→ **Action item**
Find, in the records below, the line that contains "Hello. Today we" and the line that contains "Smaller cities, towns, and". Copy those two lines and everything between them exactly, but not the pictures.

→ **Data to use**
++++++++++
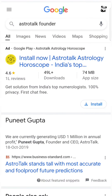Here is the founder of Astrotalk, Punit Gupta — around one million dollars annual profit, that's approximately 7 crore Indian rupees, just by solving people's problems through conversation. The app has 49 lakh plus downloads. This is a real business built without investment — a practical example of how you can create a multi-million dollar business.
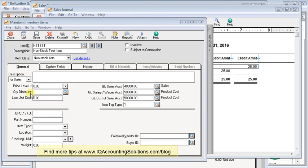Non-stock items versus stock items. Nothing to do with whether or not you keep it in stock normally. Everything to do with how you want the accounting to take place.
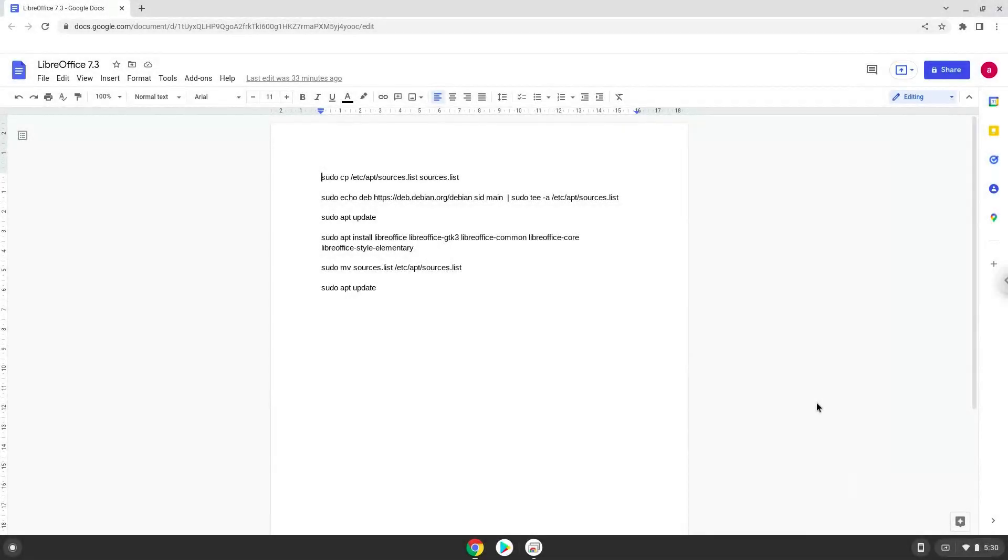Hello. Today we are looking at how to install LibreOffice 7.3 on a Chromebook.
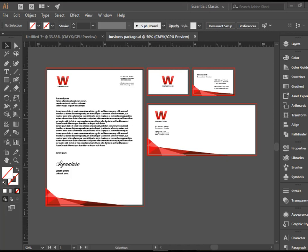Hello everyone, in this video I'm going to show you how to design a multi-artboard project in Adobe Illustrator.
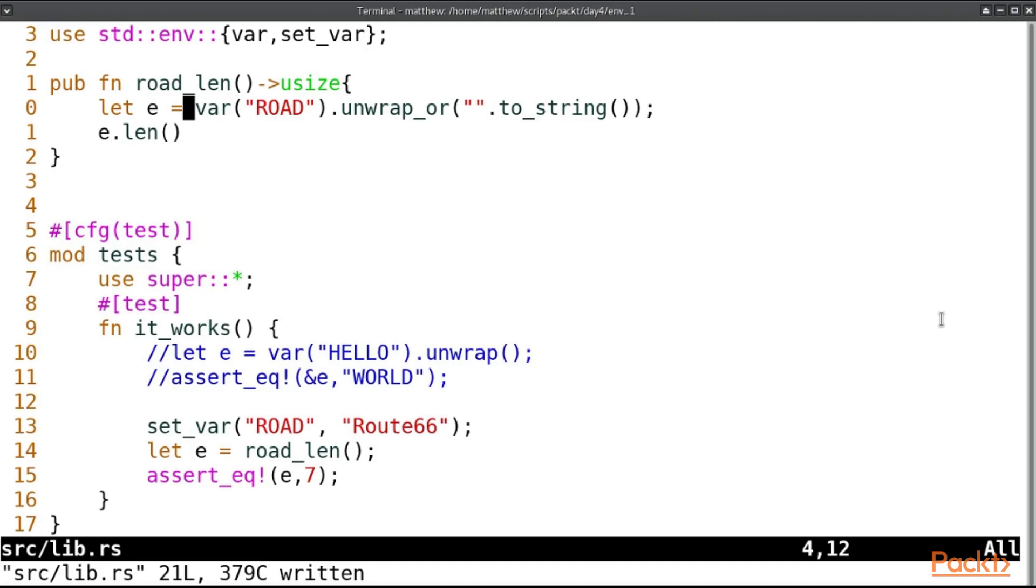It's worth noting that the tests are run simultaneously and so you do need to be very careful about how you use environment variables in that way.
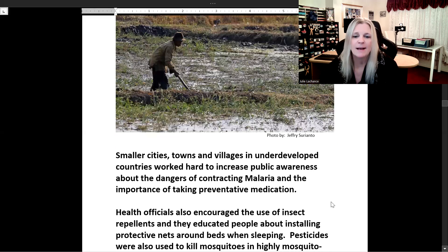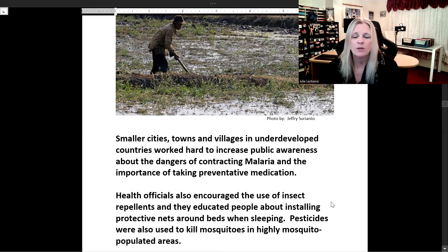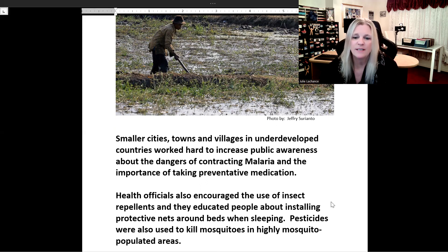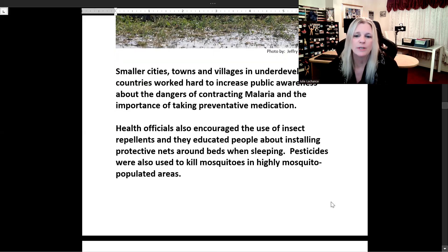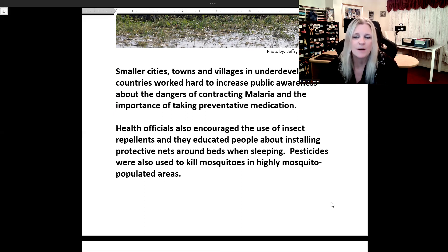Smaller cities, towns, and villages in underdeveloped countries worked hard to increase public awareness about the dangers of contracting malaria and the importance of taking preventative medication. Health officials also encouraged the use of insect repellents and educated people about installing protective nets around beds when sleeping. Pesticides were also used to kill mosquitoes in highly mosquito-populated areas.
++++++++++
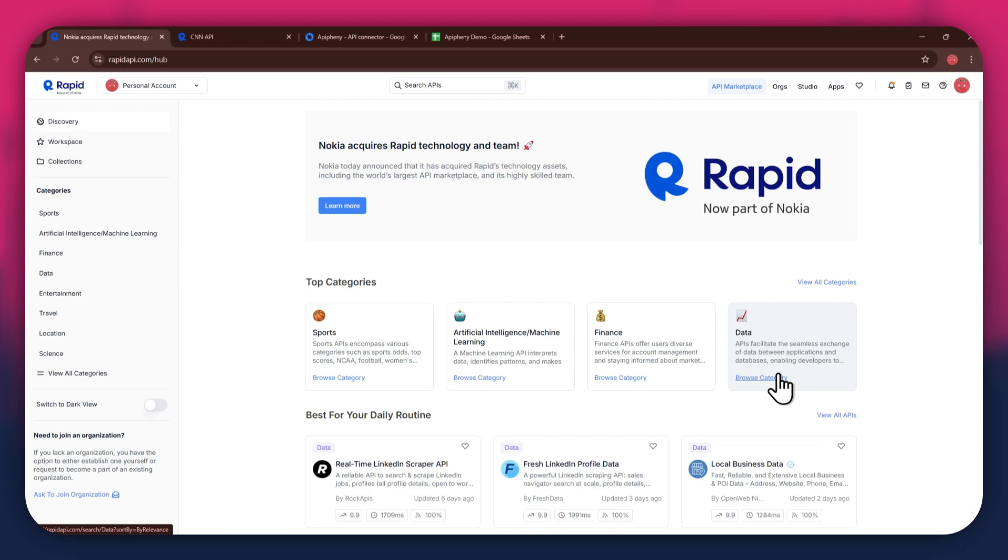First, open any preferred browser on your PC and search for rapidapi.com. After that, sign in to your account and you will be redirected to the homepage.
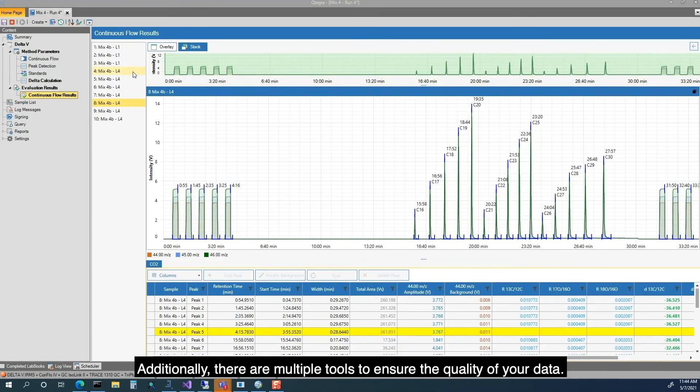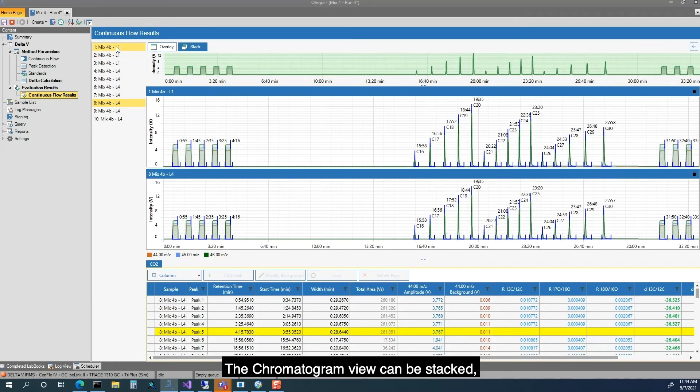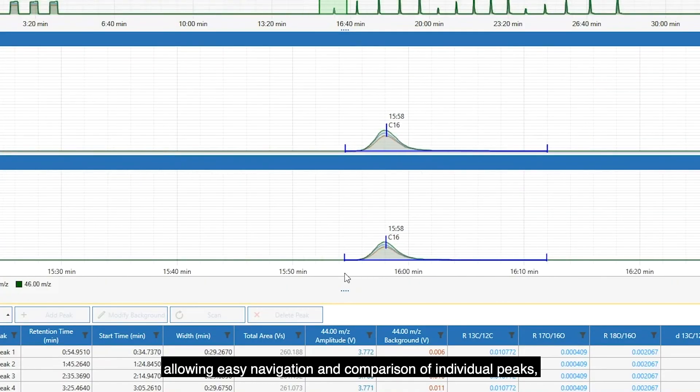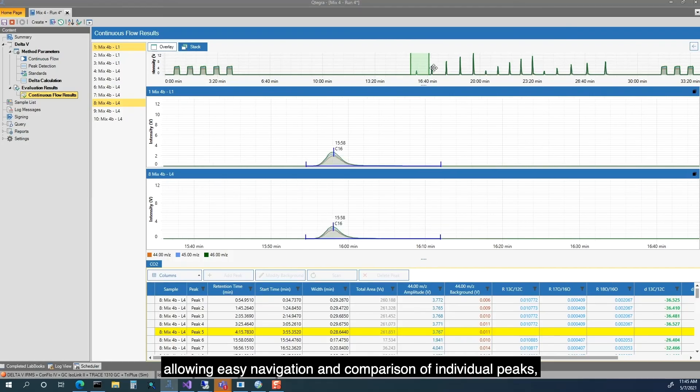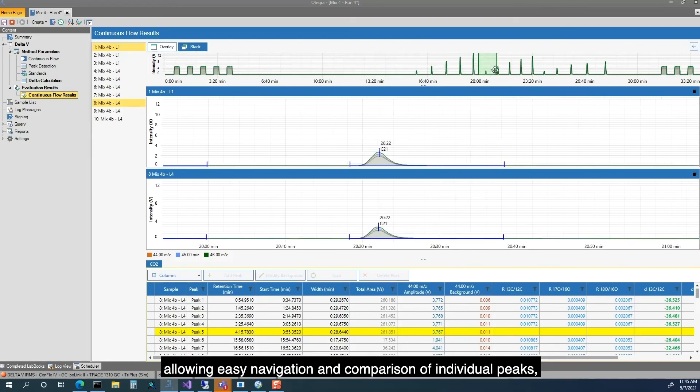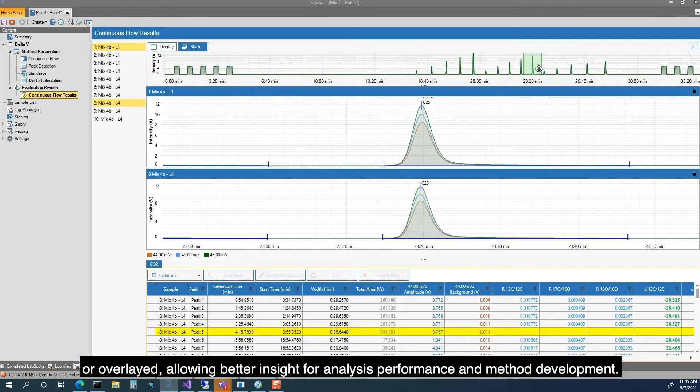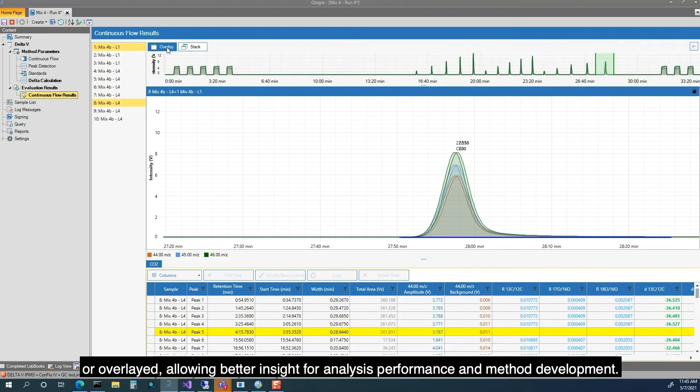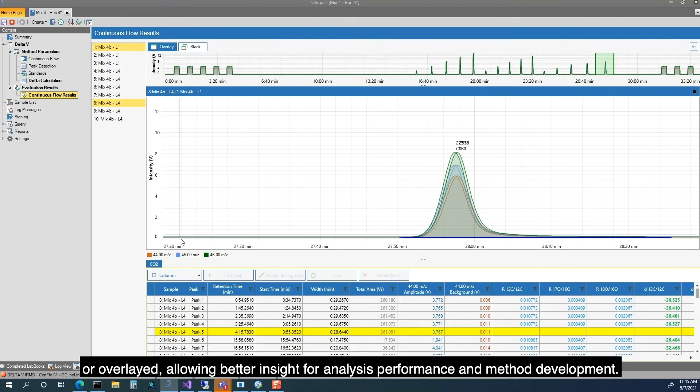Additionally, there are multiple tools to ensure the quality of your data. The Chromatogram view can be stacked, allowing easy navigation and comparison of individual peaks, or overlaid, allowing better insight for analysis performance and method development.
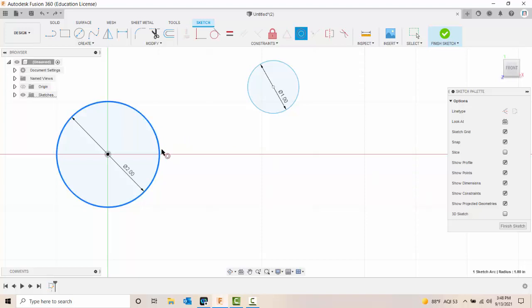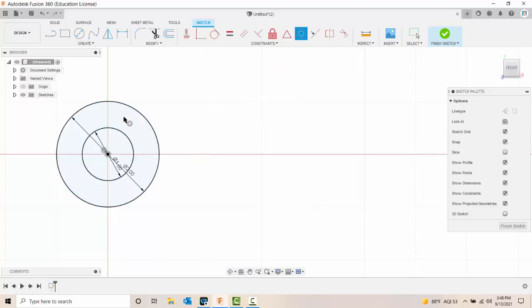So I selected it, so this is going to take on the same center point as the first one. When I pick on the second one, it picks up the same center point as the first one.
++++++++++
→ **Answer space**
Hello. Today we are looking at how to install LibreOffice 7.3 on a Chromebook.
Hello everyone, in this video I'm going to show you how to design a multi-artboard project in Adobe Illustrator.
It's worth noting that the tests are run simultaneously and so you do need to be very careful about how you use environment variables in that way.
Smaller cities, towns, and villages in underdeveloped countries worked hard to increase public awareness about the dangers of contracting malaria and the importance of taking preventative medication. Health officials also encouraged the use of insect repellents and educated people about installing protective nets around beds when sleeping. Pesticides were also used to kill mosquitoes in highly mosquito-populated areas.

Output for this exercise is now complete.